と口に出してみたのだが、仲間たちの反応は薄い。

「そんなもんかね」

とワクワクした顔で言ったのはヘレンだ。ネリスもフローラも顔が明るい。

 そうなのだ。打ち合わせとはいえコイツらはそれぞれの彼氏に会うわけだ。うらやまけしからんがそれを口に出すとみんなシュンとしてしまうのがわかりきっている。だから我慢していると、ネリスに言われた。

「聖女様、口がとんがっておるぞ」

 やばい、不満があるときのクセが出てた。

「ごめん」

 フローラが手を伸ばして、私のとんがらせた唇をつまんだ。

「やめてよ」

 自然と笑いが出た。


 近衛騎士団につくと、いつも応対してくれる騎士ルーカスが案内してくれた。

「みなさん、すでにお待ちです」

 

 廊下を歩いていくと、フィリップの話し声が聞こえてきた。

「そのさ、なんでもメイド姿で熱弁してたらしいんだよ」

「先輩、それは見たかったですねぇ。
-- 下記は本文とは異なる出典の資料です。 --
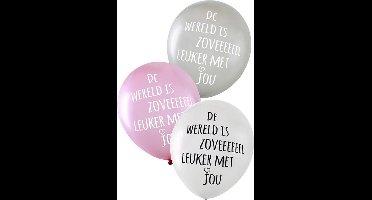 Ballon 6 x metallic 14 inch 3 ass De wereld is zoveel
聖女様だけですか?」

「いや、4人ともメイド服着てたらしいよ。もう一回着てくんないかな」


 大体わかった。秋にケネスを探すためネッセタールに行こうとしていたのだが、私達の身分を秘匿するため、ヴェローニカ様をお嬢様、私達はおつきのメイドになることにしていた。ヴェローニカ様がメイド服を着慣れろとおっしゃるので着ていたのだが、そのとき戦争の可能性を検討していたのだ。可能性がかなり高いと判断した私は、国防のトップたちを呼びつけ、なりゆきでメイド服のまま戦争の話をしてしまったのだ。


 私はドカドカとその部屋に入り、言った。

「私は二度と着ない。万が一着ることがあったとしても、あんたたちには見せない!」

「はいはーい」

 男子たちは歯切れが悪い。私達もコイツらもなまじ前世の知識があるものだから、「萌え萌え」を連想してしまって恥ずかしくてしかたがない。女子はみんなそうだろうと思っていたら、ネリスが小声でヘレンに聞いていた。

「あれ、どこにしまったかの?」

「うーん、フローラ、覚えてる?」

「ああ、ちゃんとしまってあるよ。ヴェローニカ様も着たかったら着ていいって言ってた」

 呆れた私は言っておく。

「着たいならあんたらだけで着なよ。私はヤだからね!」

 なんか私は6人を敵にまわしてしまった。